» Prompt: Below is a listing with pictures. Repeat exactly the lines starting at the one holding "Average latency for" and going on through the one holding "WISER Energy PV", and leave every picture out.

» Data provided:
^^^^^^^^^^^^^^^^

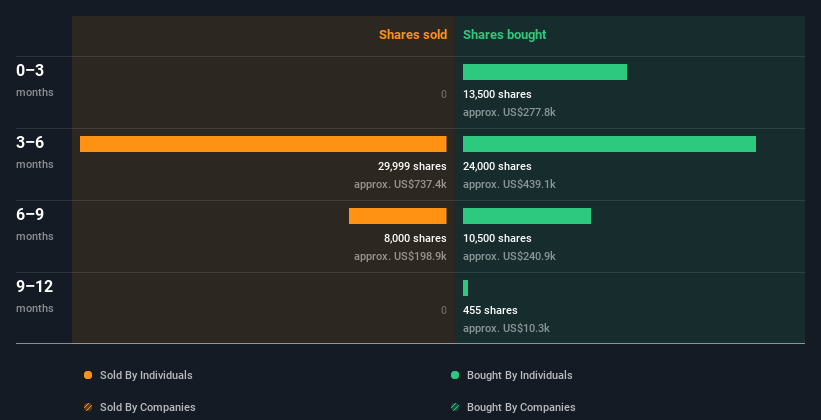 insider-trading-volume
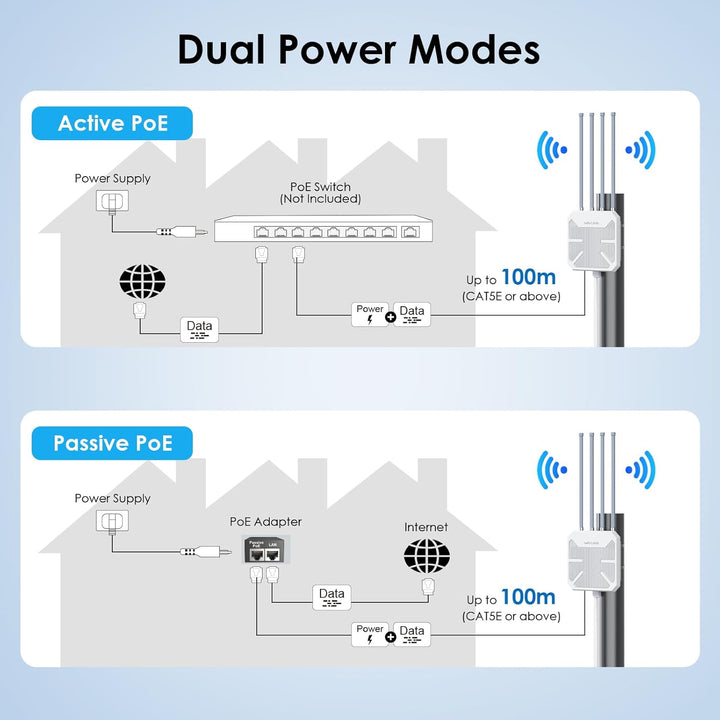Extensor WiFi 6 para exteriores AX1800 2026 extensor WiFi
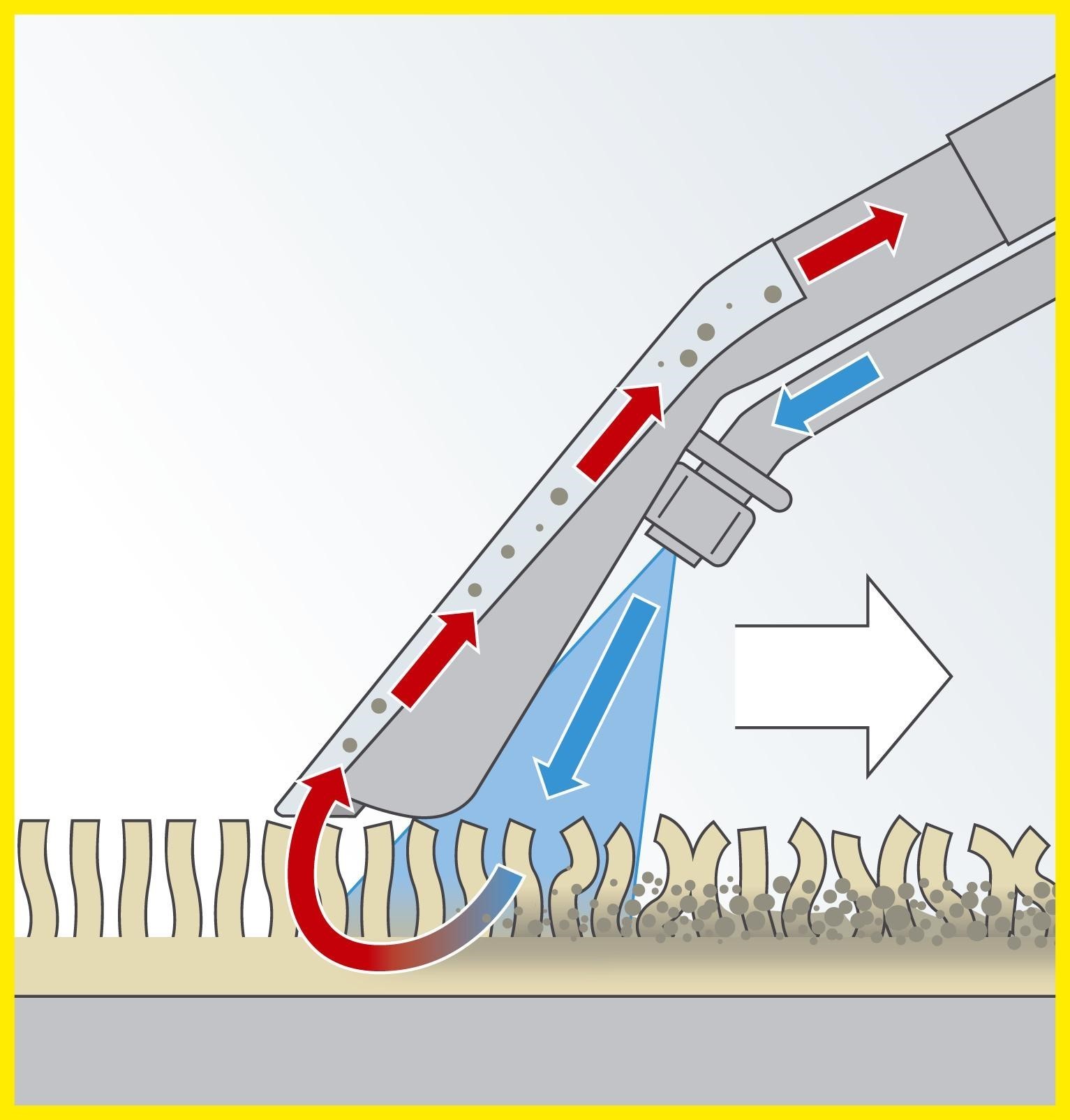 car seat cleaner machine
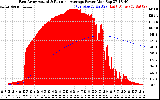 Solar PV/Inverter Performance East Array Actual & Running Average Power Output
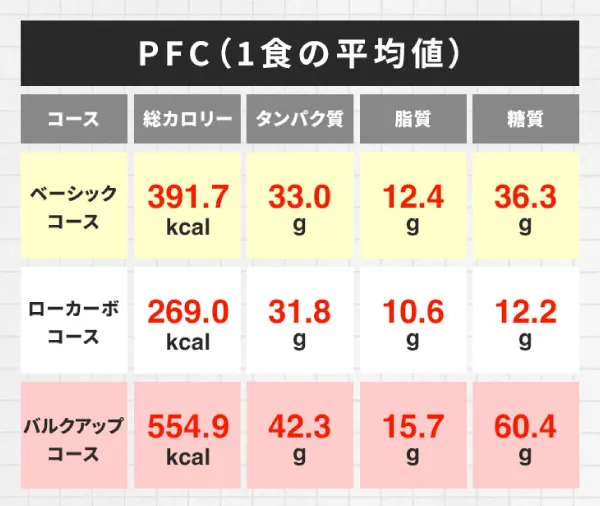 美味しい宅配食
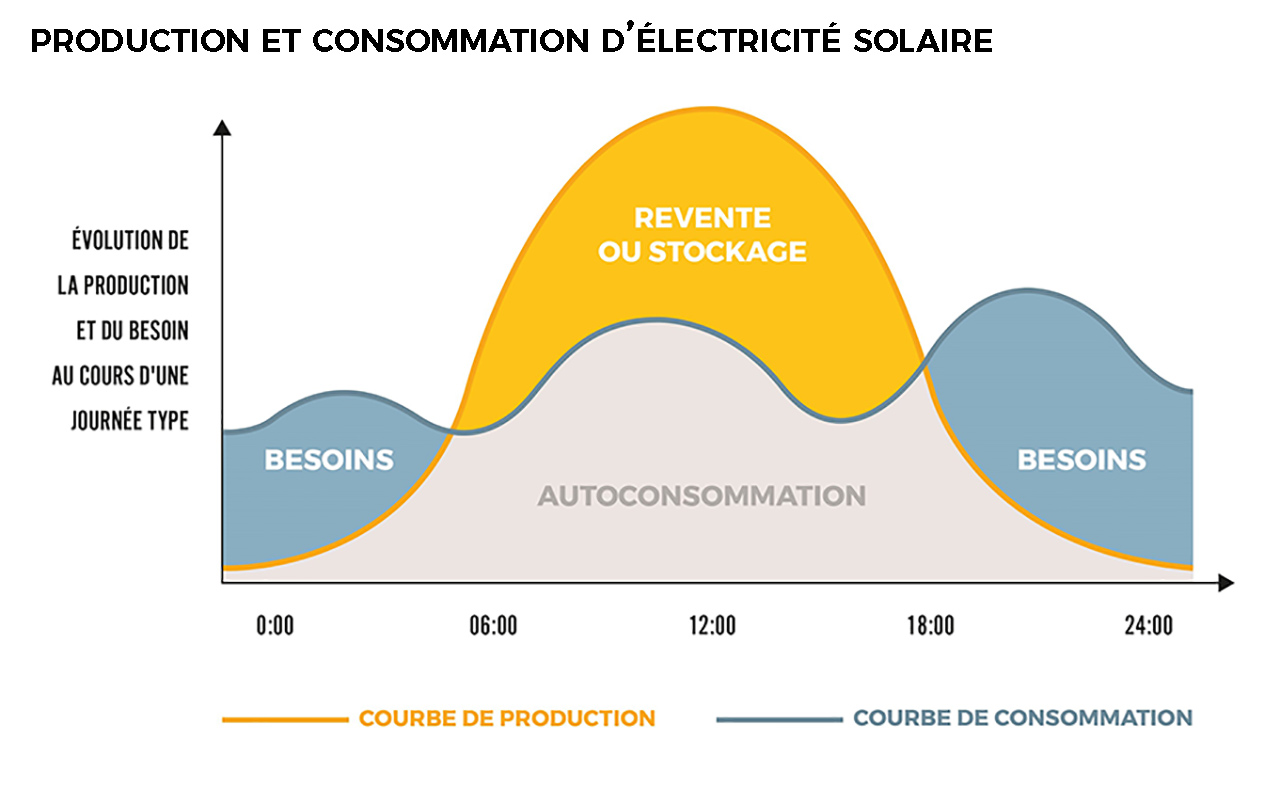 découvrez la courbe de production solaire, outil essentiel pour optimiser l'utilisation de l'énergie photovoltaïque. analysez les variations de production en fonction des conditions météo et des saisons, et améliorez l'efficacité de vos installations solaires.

^^^^^^^^^^^^^^^^

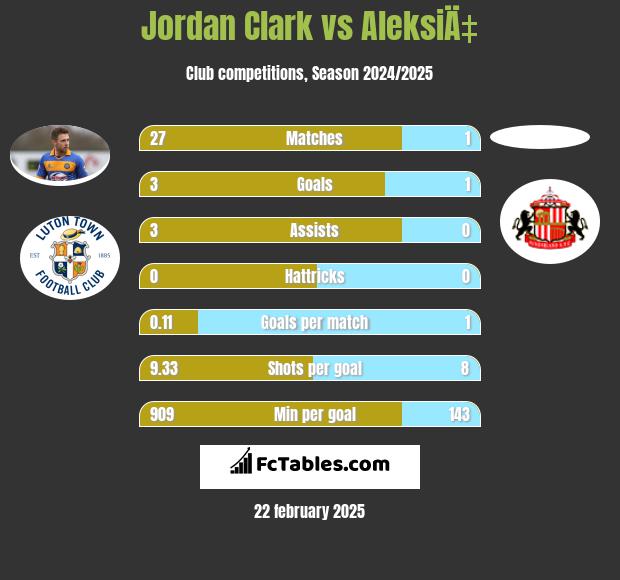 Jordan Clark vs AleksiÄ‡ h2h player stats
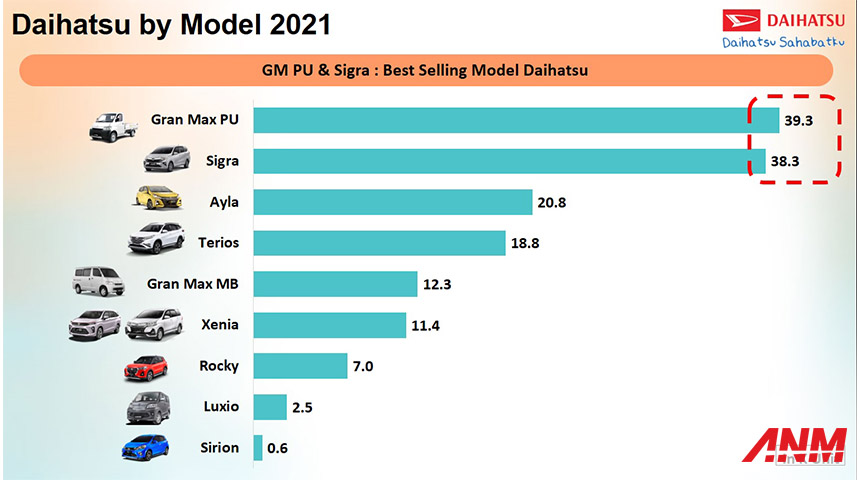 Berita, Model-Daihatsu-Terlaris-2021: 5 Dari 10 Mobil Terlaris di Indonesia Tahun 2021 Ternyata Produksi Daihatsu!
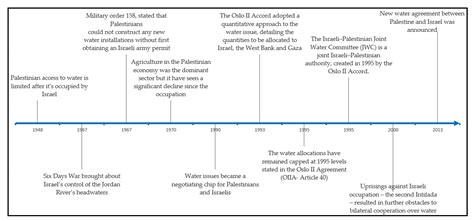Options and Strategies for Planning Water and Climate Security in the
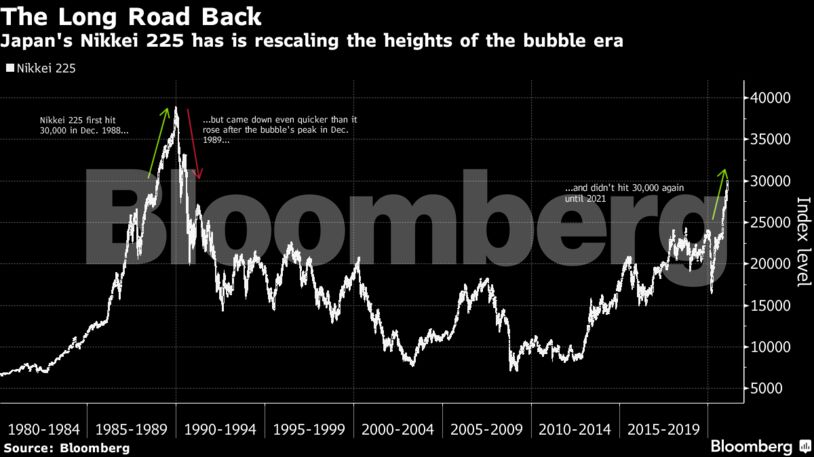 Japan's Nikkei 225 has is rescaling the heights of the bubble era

^^^^^^^^^^^^^^^^

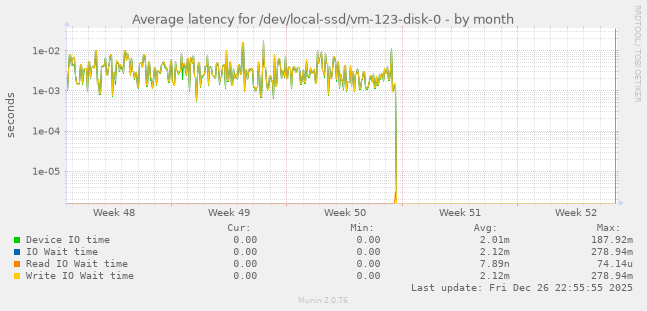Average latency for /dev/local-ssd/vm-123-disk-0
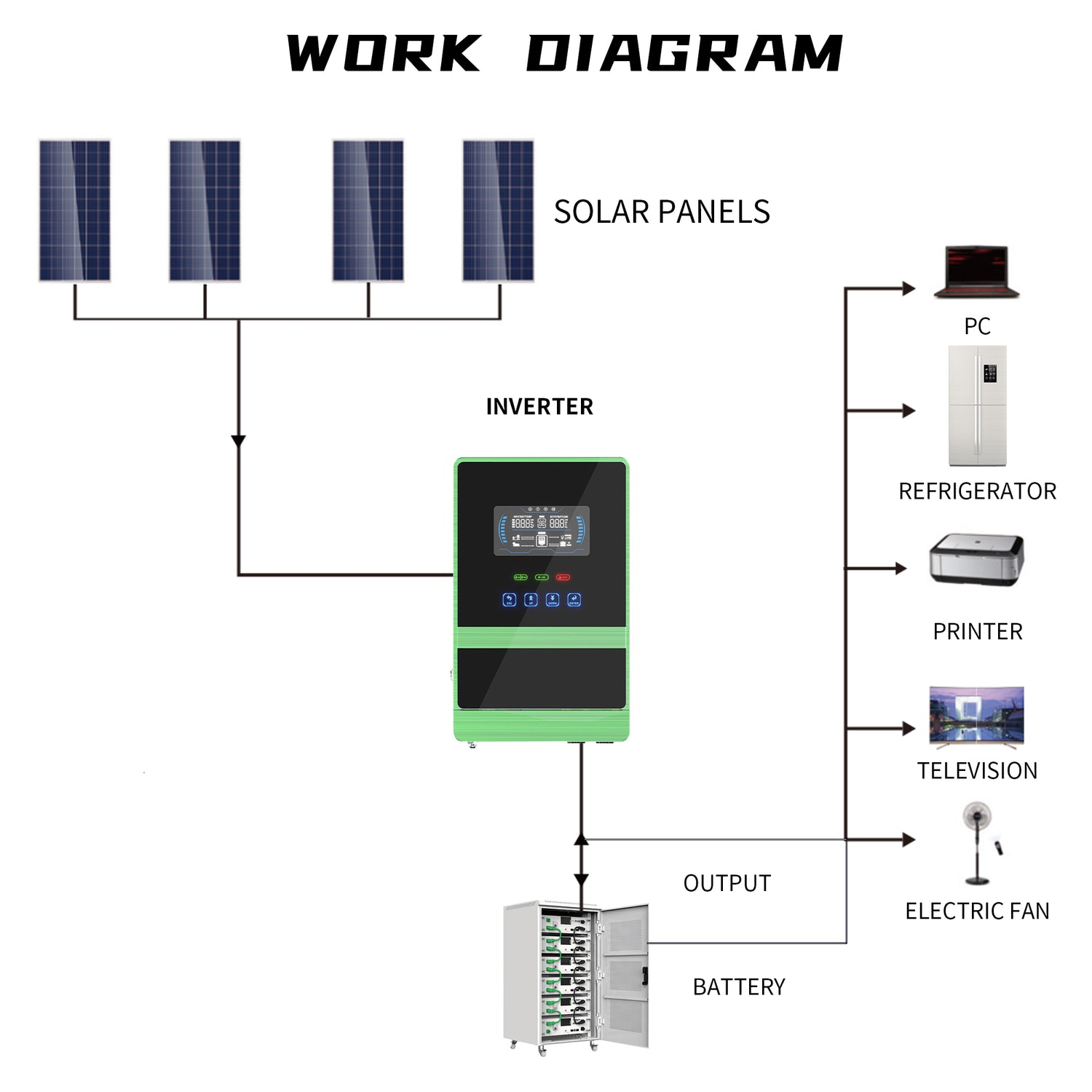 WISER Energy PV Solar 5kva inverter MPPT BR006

^^^^^^^^^^^^^^^^

» Response box:
Average latency for /dev/local-ssd/vm-123-disk-0
 WISER Energy PV Solar 5kva inverter MPPT BR006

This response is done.